Il faut remercier Mme Schnapper de nous avoir donné ce remarquable petit ouvrage, petit par le nombre des pages, dense dans son contenu, qui répond clairement, simplement, sans aucun jargon et avec une grande fermeté de pensée, aux interrogations inquiètes de nos concitoyens aujourd’hui.

Pierre Biard

[1P. 20. Attention ! Deux problèmes de pagination, la p. 20 a été numérotée par erreur 24, la p. 70 est devenue 74.

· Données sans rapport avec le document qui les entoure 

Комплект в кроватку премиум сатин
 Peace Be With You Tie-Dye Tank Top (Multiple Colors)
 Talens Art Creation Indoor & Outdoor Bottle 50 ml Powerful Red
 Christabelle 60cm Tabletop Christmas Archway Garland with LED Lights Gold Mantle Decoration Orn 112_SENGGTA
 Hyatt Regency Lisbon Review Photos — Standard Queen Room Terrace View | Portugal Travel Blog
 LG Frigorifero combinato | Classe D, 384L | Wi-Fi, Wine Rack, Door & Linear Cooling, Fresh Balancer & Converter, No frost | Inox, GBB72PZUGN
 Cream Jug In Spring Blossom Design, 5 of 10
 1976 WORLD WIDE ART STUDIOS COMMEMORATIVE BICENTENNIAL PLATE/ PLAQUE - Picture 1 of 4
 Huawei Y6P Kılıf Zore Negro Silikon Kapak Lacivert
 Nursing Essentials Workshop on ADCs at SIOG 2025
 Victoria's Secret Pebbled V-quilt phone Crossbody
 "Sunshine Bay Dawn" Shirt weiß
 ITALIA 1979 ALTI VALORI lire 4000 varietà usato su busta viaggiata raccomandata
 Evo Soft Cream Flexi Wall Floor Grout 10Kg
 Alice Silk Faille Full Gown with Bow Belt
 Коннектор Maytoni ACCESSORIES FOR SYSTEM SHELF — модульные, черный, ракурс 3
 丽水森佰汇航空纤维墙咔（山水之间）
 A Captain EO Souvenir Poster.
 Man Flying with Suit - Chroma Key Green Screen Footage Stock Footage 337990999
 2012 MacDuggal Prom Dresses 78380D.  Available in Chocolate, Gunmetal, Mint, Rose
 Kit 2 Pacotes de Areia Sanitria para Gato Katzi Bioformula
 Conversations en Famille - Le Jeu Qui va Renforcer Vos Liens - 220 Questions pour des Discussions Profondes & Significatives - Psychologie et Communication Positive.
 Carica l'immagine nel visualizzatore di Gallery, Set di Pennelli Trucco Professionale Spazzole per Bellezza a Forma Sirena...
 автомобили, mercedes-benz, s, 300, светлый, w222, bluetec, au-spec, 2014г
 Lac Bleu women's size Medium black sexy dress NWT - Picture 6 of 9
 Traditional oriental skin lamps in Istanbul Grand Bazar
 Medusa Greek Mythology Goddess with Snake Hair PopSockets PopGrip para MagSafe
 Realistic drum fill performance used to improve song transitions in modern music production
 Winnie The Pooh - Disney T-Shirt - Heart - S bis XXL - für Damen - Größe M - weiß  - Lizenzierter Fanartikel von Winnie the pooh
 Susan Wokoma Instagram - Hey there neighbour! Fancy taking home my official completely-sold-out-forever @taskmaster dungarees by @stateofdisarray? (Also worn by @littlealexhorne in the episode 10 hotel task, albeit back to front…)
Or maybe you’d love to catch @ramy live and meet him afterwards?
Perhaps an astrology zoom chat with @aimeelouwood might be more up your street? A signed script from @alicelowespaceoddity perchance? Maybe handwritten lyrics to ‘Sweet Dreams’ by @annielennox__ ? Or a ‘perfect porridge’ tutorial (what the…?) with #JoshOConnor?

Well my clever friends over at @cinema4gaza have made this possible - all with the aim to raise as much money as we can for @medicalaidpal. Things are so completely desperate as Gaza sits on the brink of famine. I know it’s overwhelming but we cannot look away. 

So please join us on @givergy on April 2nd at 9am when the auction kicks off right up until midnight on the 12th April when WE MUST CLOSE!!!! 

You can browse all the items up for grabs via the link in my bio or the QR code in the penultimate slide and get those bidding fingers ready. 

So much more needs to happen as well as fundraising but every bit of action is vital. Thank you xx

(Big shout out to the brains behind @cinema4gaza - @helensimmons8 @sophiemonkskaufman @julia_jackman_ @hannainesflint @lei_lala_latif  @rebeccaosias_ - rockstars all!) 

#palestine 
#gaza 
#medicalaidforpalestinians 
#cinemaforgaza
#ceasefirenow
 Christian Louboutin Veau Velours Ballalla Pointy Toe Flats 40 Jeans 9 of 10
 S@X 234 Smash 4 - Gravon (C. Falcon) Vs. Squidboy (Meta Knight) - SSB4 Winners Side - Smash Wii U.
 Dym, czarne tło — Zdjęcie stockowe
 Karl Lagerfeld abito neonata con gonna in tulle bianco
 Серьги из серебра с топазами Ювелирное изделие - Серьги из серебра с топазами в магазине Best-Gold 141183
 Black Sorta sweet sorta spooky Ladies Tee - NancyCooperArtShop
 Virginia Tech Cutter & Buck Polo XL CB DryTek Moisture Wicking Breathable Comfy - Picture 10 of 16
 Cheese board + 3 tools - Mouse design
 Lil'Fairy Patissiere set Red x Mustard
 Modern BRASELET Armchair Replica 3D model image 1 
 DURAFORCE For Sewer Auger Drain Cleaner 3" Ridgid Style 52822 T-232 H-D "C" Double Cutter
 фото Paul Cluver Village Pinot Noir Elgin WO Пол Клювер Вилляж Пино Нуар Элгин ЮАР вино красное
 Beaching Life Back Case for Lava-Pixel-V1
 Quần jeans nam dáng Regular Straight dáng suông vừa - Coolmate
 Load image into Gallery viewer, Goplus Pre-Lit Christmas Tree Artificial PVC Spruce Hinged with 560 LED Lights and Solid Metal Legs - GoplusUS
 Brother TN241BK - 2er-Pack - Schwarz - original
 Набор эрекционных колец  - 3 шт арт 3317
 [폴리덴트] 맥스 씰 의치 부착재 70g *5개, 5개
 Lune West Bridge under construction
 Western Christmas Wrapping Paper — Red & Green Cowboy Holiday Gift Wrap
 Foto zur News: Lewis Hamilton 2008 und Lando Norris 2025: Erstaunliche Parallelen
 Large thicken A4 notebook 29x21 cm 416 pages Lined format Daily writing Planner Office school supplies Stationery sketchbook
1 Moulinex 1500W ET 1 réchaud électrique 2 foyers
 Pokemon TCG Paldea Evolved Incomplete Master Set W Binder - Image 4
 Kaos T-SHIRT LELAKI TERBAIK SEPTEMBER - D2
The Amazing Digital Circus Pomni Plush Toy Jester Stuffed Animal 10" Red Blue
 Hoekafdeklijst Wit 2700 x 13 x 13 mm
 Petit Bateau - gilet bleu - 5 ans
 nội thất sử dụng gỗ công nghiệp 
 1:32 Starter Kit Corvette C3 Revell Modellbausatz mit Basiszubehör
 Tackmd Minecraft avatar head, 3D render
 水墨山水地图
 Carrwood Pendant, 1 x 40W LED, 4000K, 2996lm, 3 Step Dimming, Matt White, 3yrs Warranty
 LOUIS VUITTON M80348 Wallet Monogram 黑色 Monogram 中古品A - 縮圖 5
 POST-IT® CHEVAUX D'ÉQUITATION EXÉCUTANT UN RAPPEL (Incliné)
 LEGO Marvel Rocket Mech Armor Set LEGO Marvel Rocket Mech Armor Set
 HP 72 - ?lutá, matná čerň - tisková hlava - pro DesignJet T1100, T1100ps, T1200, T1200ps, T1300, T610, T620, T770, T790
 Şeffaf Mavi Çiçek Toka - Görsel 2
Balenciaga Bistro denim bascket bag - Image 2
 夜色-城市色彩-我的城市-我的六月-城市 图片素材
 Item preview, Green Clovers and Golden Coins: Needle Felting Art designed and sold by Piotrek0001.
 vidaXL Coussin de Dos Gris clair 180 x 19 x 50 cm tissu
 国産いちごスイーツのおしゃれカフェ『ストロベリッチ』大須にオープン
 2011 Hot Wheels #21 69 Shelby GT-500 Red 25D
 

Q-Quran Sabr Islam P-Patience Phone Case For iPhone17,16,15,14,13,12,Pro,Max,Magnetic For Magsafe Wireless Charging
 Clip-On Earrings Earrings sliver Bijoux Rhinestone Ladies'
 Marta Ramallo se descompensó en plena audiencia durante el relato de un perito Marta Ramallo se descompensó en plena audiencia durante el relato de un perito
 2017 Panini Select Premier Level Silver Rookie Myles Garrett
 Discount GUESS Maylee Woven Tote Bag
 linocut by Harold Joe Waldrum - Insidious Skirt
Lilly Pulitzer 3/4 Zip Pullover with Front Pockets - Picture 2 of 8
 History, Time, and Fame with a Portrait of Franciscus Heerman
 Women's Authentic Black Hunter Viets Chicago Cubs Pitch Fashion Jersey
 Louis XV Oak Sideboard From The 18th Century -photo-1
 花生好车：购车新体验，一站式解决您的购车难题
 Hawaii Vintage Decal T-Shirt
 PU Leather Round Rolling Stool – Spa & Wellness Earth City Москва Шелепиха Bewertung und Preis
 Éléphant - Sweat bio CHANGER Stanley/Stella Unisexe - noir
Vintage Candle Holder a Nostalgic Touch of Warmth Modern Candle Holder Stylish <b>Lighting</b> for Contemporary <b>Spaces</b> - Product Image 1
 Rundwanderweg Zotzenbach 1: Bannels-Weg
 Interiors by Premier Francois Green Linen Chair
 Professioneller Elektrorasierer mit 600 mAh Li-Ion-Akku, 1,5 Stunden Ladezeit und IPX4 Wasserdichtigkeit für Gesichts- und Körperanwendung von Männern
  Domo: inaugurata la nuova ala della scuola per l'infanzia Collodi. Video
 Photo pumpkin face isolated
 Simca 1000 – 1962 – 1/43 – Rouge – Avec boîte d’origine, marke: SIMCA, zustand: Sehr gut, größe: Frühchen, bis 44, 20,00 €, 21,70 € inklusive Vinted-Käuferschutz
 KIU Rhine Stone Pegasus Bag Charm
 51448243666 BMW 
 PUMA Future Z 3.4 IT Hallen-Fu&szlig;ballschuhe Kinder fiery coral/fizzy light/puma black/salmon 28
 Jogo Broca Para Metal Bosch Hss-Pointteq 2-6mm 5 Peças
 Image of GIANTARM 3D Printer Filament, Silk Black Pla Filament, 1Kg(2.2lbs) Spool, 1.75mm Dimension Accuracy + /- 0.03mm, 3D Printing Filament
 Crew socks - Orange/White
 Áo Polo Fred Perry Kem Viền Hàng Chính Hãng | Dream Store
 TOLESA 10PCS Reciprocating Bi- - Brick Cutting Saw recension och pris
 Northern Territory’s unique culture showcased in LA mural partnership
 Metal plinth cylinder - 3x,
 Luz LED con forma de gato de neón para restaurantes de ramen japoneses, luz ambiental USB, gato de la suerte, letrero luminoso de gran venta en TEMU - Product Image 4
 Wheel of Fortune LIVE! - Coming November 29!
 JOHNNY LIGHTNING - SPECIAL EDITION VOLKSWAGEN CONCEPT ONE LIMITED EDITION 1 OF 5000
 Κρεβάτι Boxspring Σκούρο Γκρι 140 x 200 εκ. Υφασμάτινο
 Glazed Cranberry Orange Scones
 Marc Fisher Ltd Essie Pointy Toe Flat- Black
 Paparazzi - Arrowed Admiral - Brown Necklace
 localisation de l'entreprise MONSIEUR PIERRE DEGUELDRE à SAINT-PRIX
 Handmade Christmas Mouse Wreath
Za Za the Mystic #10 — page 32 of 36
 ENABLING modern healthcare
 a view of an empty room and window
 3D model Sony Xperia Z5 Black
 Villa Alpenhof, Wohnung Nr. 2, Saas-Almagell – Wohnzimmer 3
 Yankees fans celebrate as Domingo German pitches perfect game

[2- La communauté des citoyens, Sur l’idée moderne de nation, Gallimard, 1995. Le chapitre premier ("Définition") ainsi que le cinquième ("Penser la nation") éclairent, à partir d’exemples historiques et de façon lumineuse, les notions complexes d’ethnie, de nation, d’intégration, de nationalisme.
- La démocratie providentielle, Essai sur l’égalité contemporaine, Gallimard, 2002. Utile complément au chapitre II de La république aux 100 cultures. La revendication d’égalité des sociétés démocratiques se traduit dans l’action de redistribution d’un Etat-providence mais, paradoxalement, elle aboutit à un affaiblissement du politique et donc de la conscience citoyenne.
- Qu’est-ce que la citoyenneté ? avec Christian Bachelier, Gallimard, Folio actuel, 2000.

[3Débat obscurci, ajoute l’auteur, "par les termes, mal définis, de "communauté", "communautariens" et "communautarisme"". v. pp 21-22 : "Qu’est-ce que le communautarisme ?

[4Chapitre V : "Pourquoi cette haine ?".

[5En particulier le paragraphe : "Pour un multiculturalisme modéré" pp 24-26.